Il contributo è tratto da Storia della civiltà europea a cura di Umberto Eco, edizione in 75 ebook
La maturazione della suite di danze come genere strumentale è il punto di arrivo dell’evoluzione della danza negli stili e nelle forme nazionali che alimentano la crescita di un repertorio strumentale europeo nel Seicento. Sono due i principi strutturali che vi si trovano a confronto: il genere “antologico”, o libero accostamento di danze che attecchisce particolarmente nella scuola francese, e la tendenza alla sistematizzazione più o meno rigorosa di un ciclo di danze fisse (la suite come vera e propria forma) perseguita dai compositori tedeschi.
Definizioni
Il termine francese suite significa serie e nella sua accezione musicale indica infatti una composizione strumentale costituita da una serie di brani relativamente indipendenti l’uno dall’altro, ma ricondotti a unità nel “ciclo” della suite.

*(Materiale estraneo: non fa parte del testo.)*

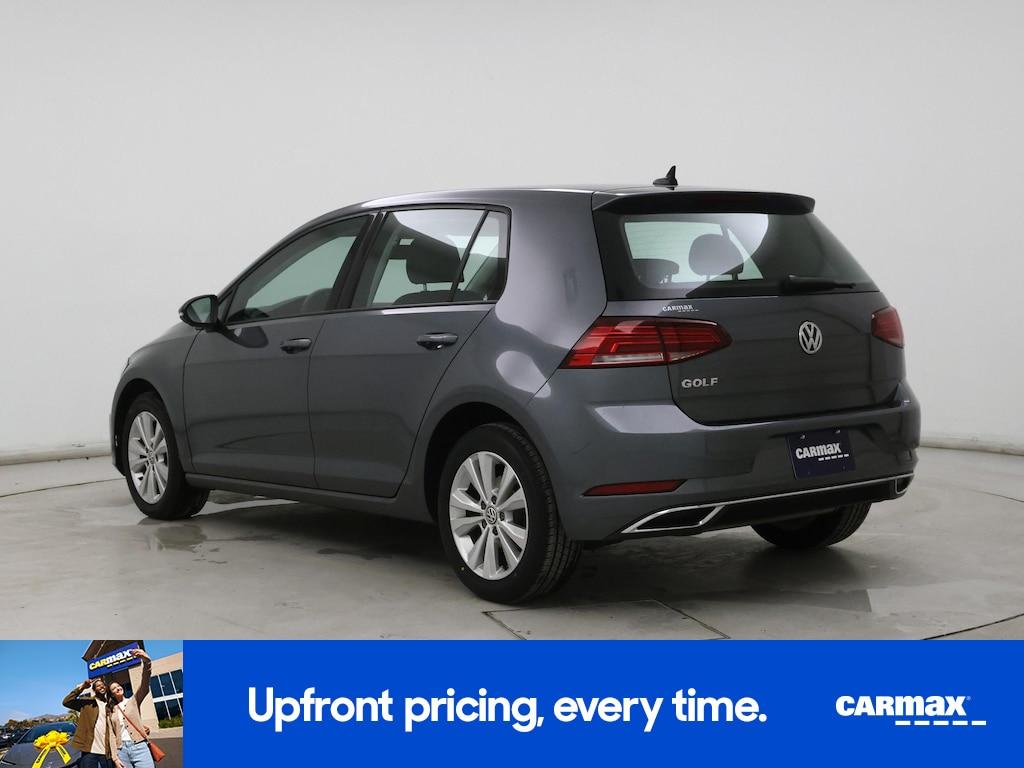 used 2020 Volkswagen Golf car, priced at $19,998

I brani della suite moderna possono essere di vario genere, ma nel suo periodo aureo, tra Sei e Settecento, la suite strumentale è esclusivamente un ciclo di danze. La stessa genesi della suite, che inizia almeno nel secolo precedente, è legata precisamente alla musica per danza e alla sua evoluzione da musica funzionale (legata al ballo di corte o popolare) a musica per così dire “astratta”, di puro ascolto. Questo percorso si inserisce nell’emancipazione della musica strumentale da quella vocale, e in termini più generali, nel suo divenire linguaggio autonomo e autosufficiente, svincolandosi da ambiti strettamente funzionali.

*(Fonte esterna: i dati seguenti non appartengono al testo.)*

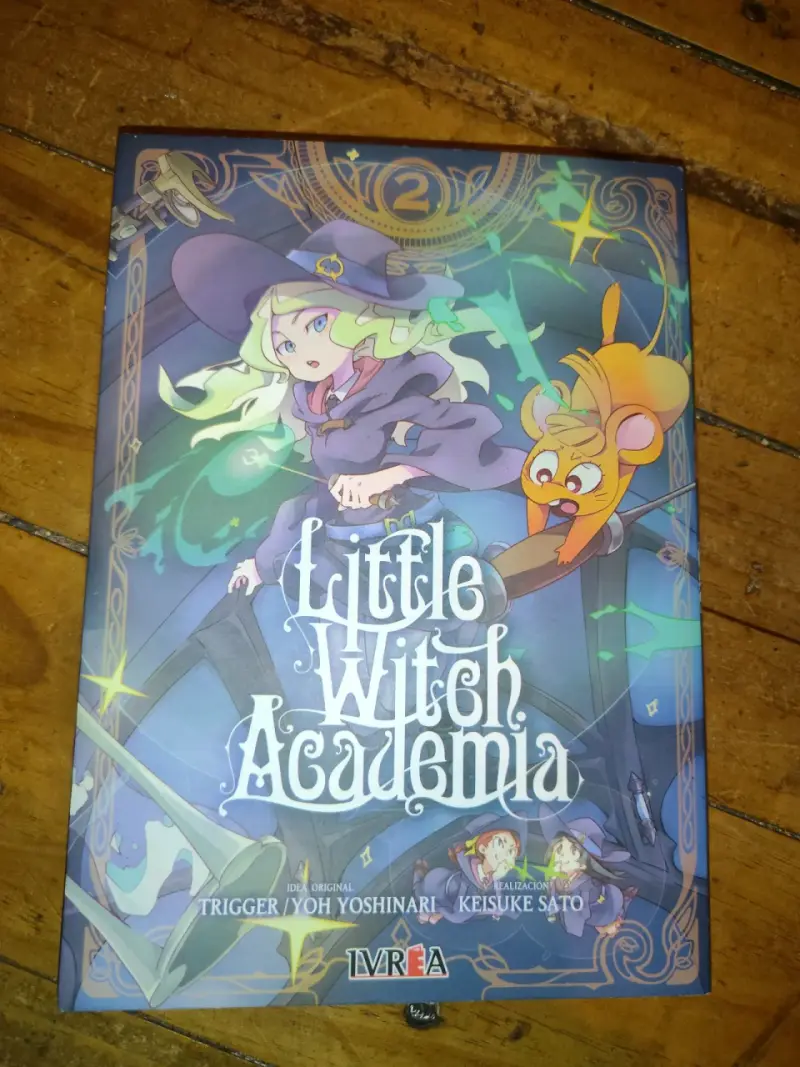 Libro Little Witch Academia Vol. 2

Per tutto il Seicento ciò che oggi chiamiamo suite corrisponde a un campo di forme e (soprattutto) denominazioni diversificate in ambito geografico: avremo così gli ordres francesi, le lessons o suites of lessons inglesi, le partiten o partien tedesche e le italiane partite.
La Francia: dai Gaultier a Louis Couperin
All’inizio del secolo il liuto è in Francia il principe degli strumenti, col passare degli anni la sua posizione si rafforza ulteriormente. Le ragioni di questo primato possono individuarsi nel disciplinato razionalismo della musica francese che Marin Mersenne lamenta nella sua Harmonie Universelle, preferendovi il perturbato e persino violento sommovimento dei sensi della musica italiana. È un linguaggio, quello francese, congeniale al timido liuto, strumento più appropriato all’elaborazione intimistica delle emozioni che all’esplosione sonora degli affetti.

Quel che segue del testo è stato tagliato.